Advantages of Supply Chain Finance
We can understand that SCF aims to please both sides of a supply chain, i.e. buyer and supplier. Therefore, the key concept behind Supply Chain Finance is precisely to provide suppliers with access to advantageous financing facilities, including the anticipation of deadlines, which will therefore strengthen working capital.

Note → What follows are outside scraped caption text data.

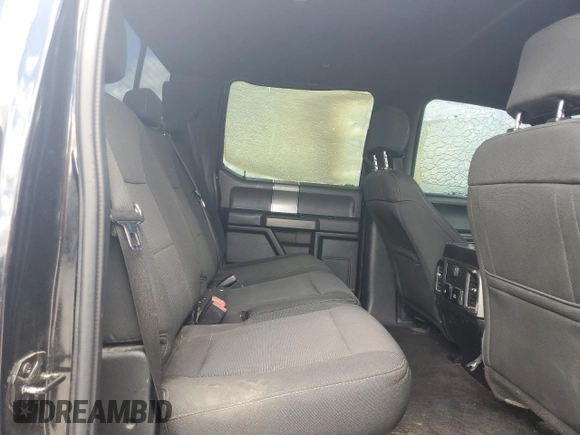2017 Ford F-150 XL с VIN 1FTEW1EG0HKE35035, выставлен на аукционе Copart как лот 56518745 с пробегом 181 898 миль миль и Списание • Salvage title. История ставок и продаж доступна на DreamBid. Изображение 10.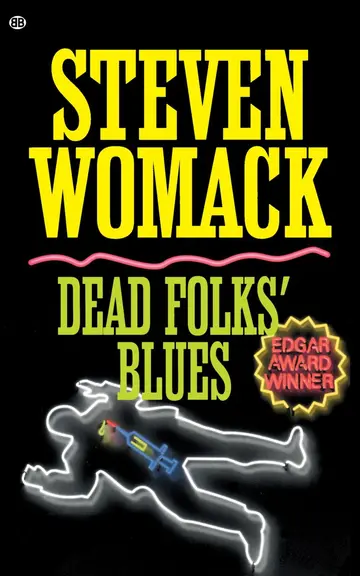 Cover of Dead Folks' Blues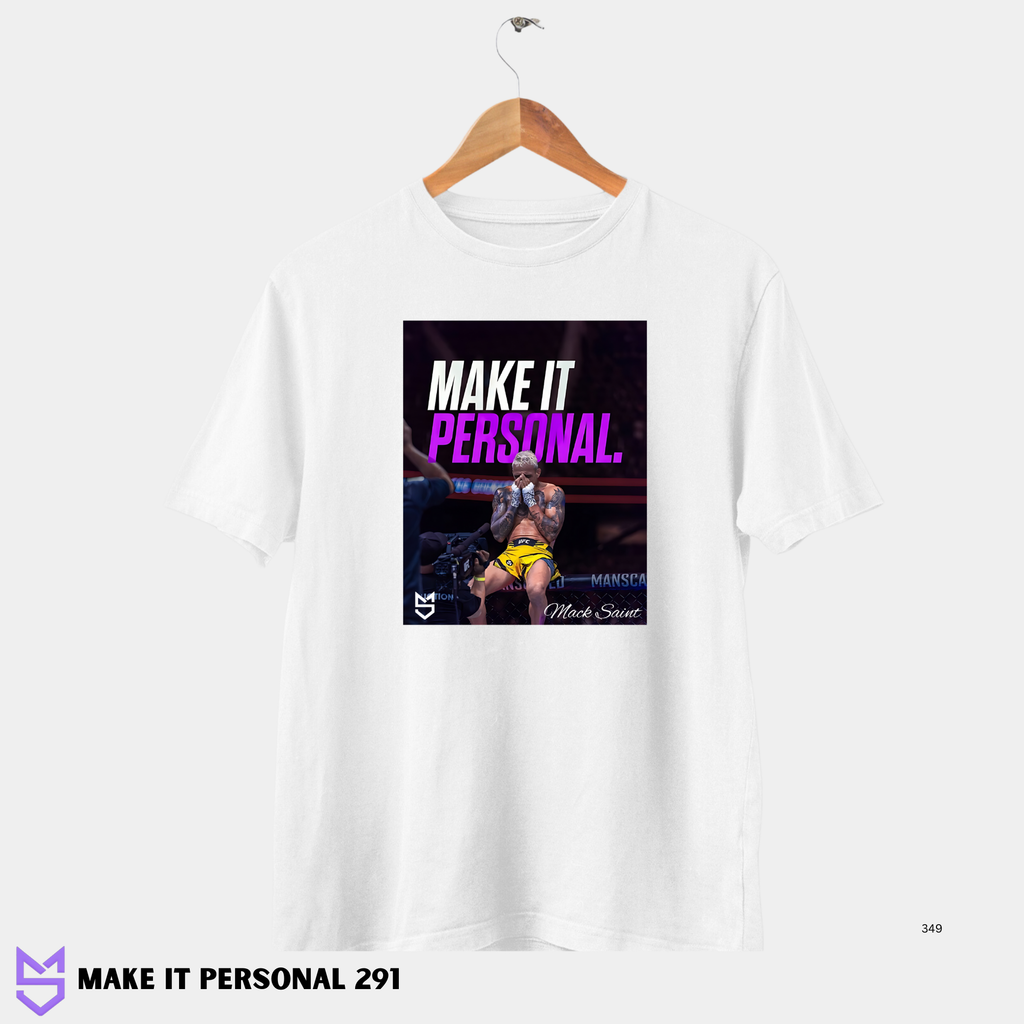 Make it personal 291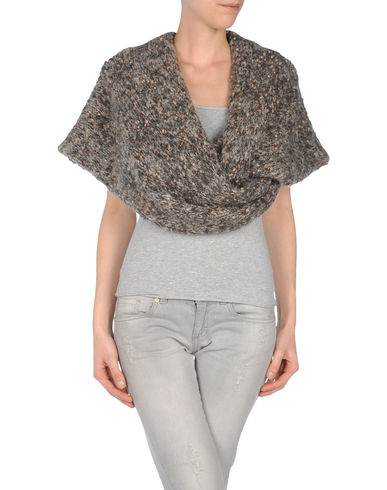ZOOM PATRIZIA PEPE - Cape
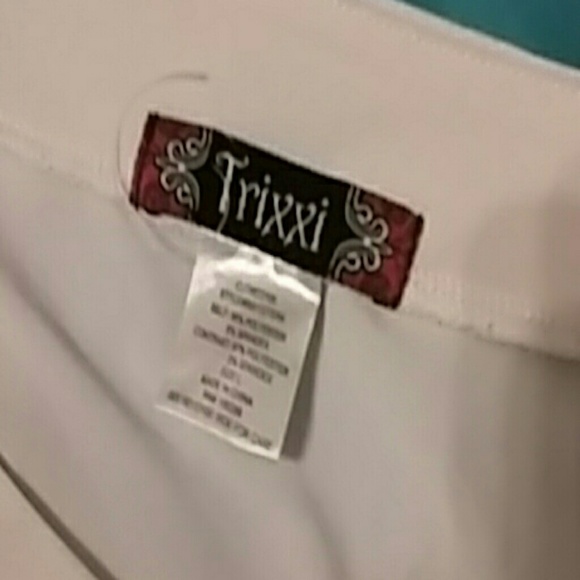 One sleeve drapped mini dress - Picture 2 of 4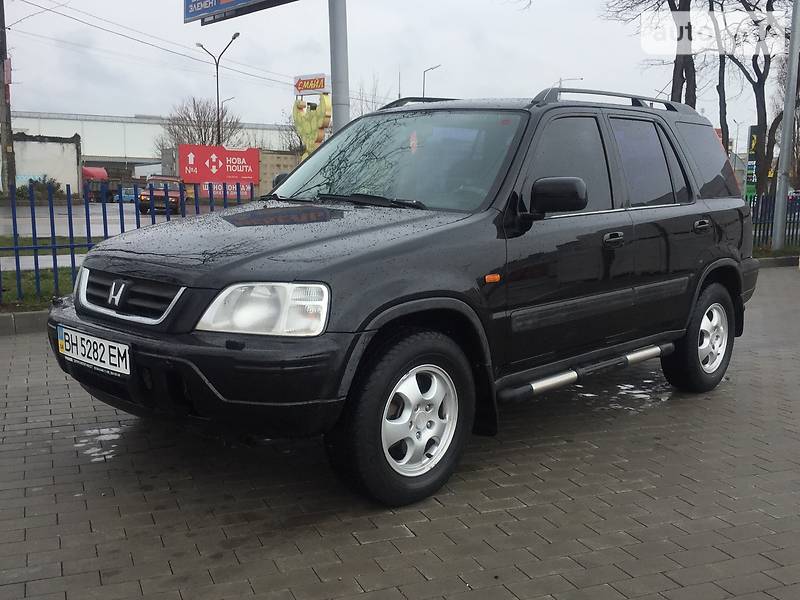 Внедорожник / Кроссовер Honda CR-V 1999 в Одессе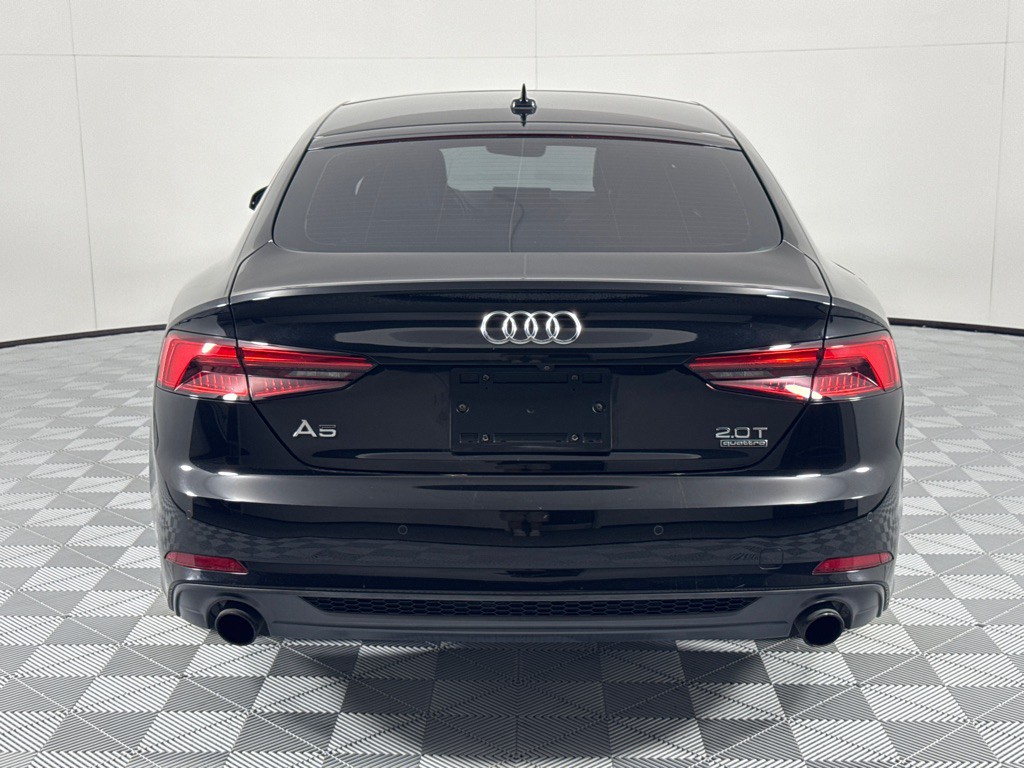 2018 Audi A5 Image 6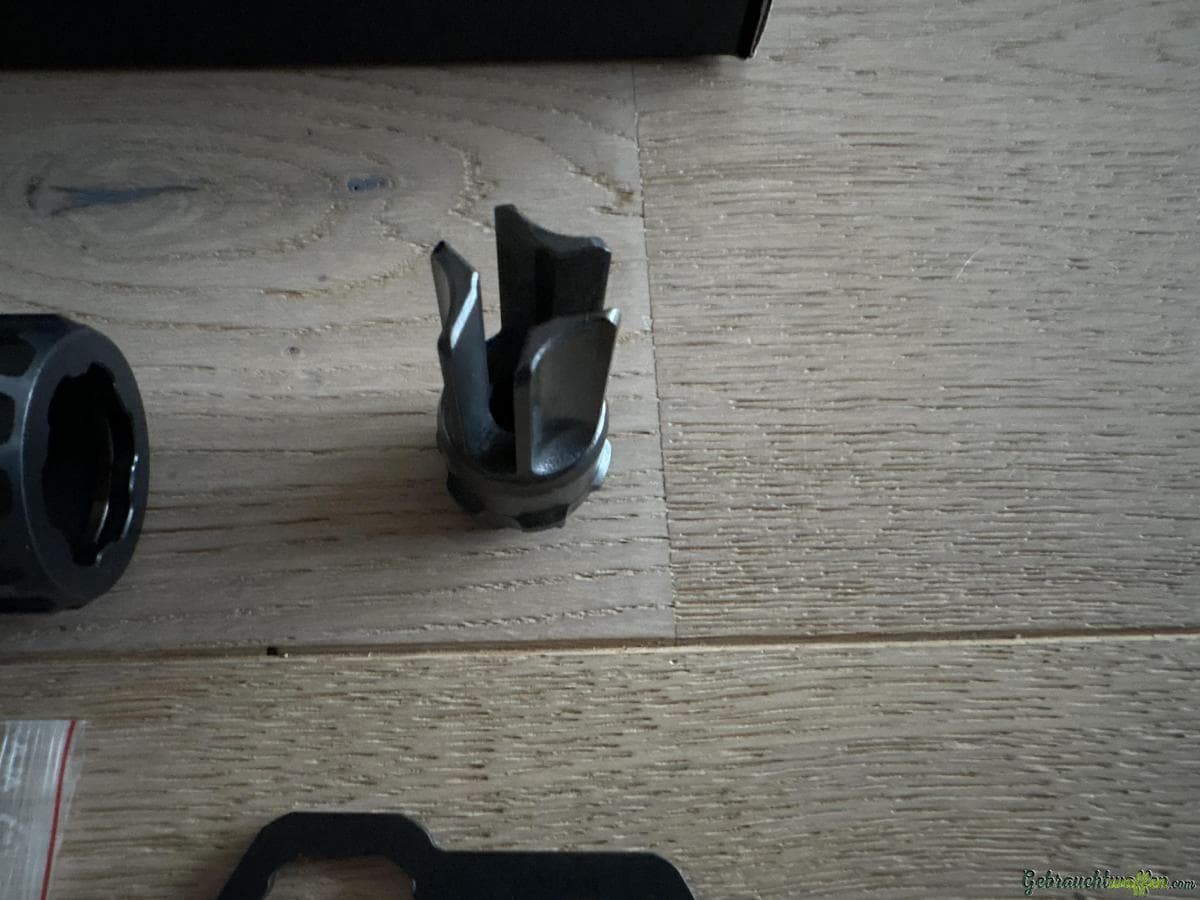 ACHERON ACS-K HEXALUG – 5.56 MM Schalldämpfer — Bild 3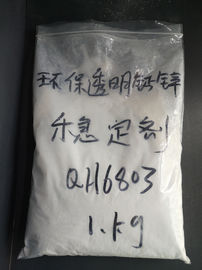 Additives Calcium Zinc Stabilizers For Pvc White Powder Excellent Thermal Stability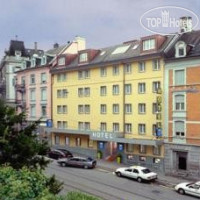 Comfort Hotel Royal Zurich 3*
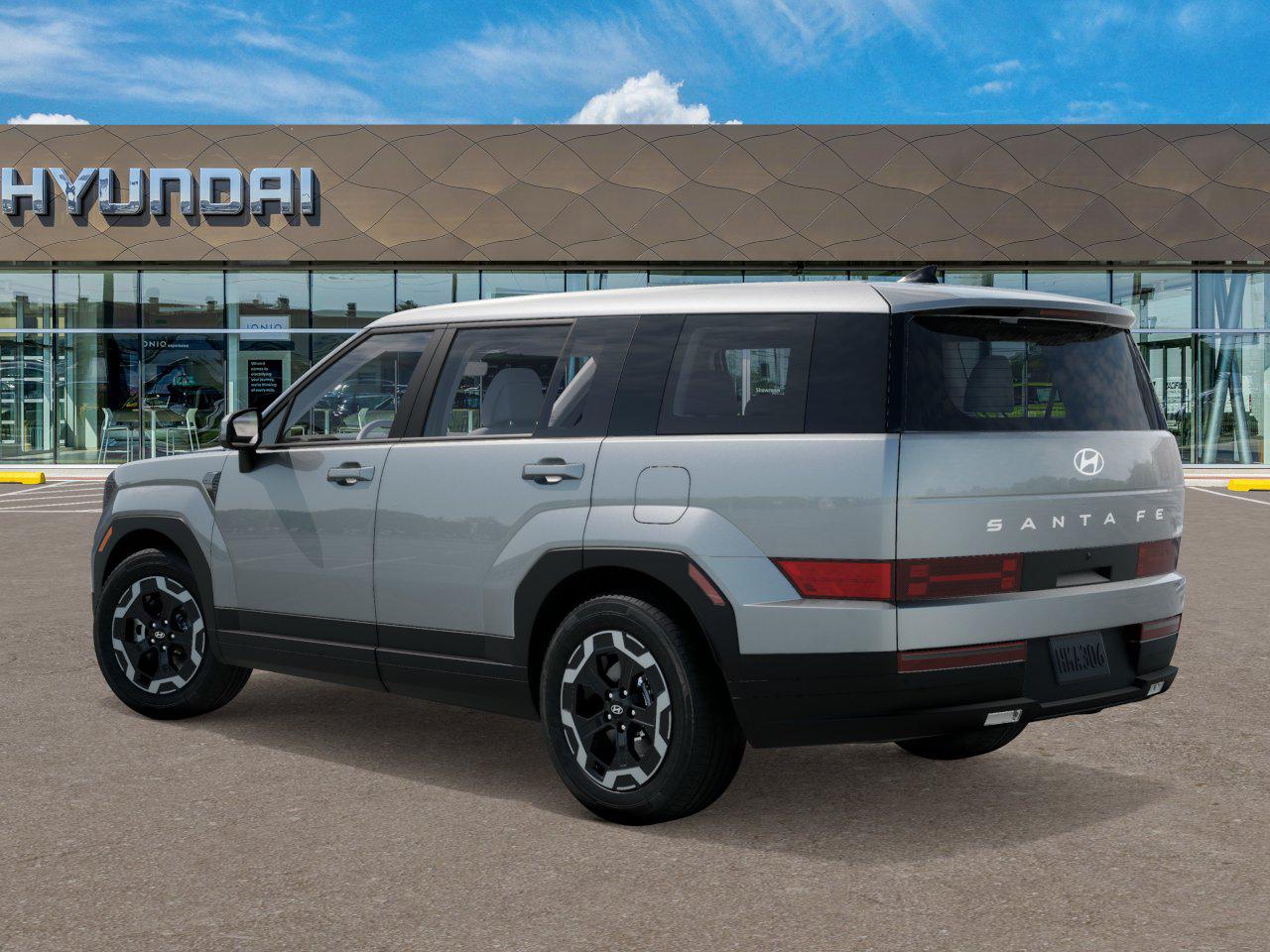 2026 Hyundai Santa Fe SE photo 3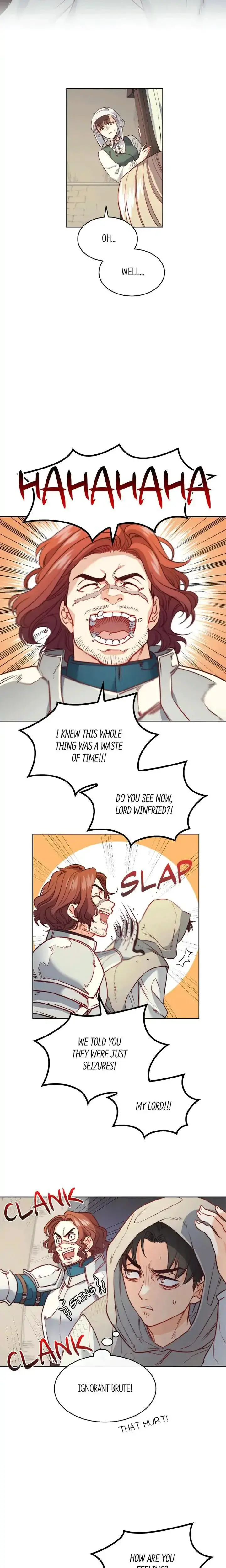Lady Devil Chapter 15 - Page 8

As far as buyers are concerned, they can benefit from longer payment terms or discounts with their suppliers.
Thus, some of the benefits of Supply Chain Finance include:
Suppliers have the option of seeking advance payment as a means of increasing working capital;
Buyers can usually negotiate longer payment terms or discounts with suppliers;
Improvements in cash flow from both suppliers and buyers;
Better management of working capital, since it is possible to negotiate longer maturities for payment;
Business relationships with suppliers tend to be more reliable and stronger
Increased liquidity, as the buyer has the potential to extend payment terms without harming the financial stability of the supplier.
The supply chain can become more resilient during uncertain times as key suppliers have greater financial security.
In addition, suppliers who receive fast payment can maintain a healthy financial base and therefore provide consistent service to the buyer.
Conclusion
SCF seeks to improve the company’s performance in three aspects: growth, profitability and capital utilization. In addition, as we have seen, Supply Chain Finance reduces the Need for Working Capital and the level of indebtedness. If we were to summarize, we could say that Supply Chain Finance is concerned with creating value throughout the supply chain, ensuring win-win relationships that are sustainable especially in the long run.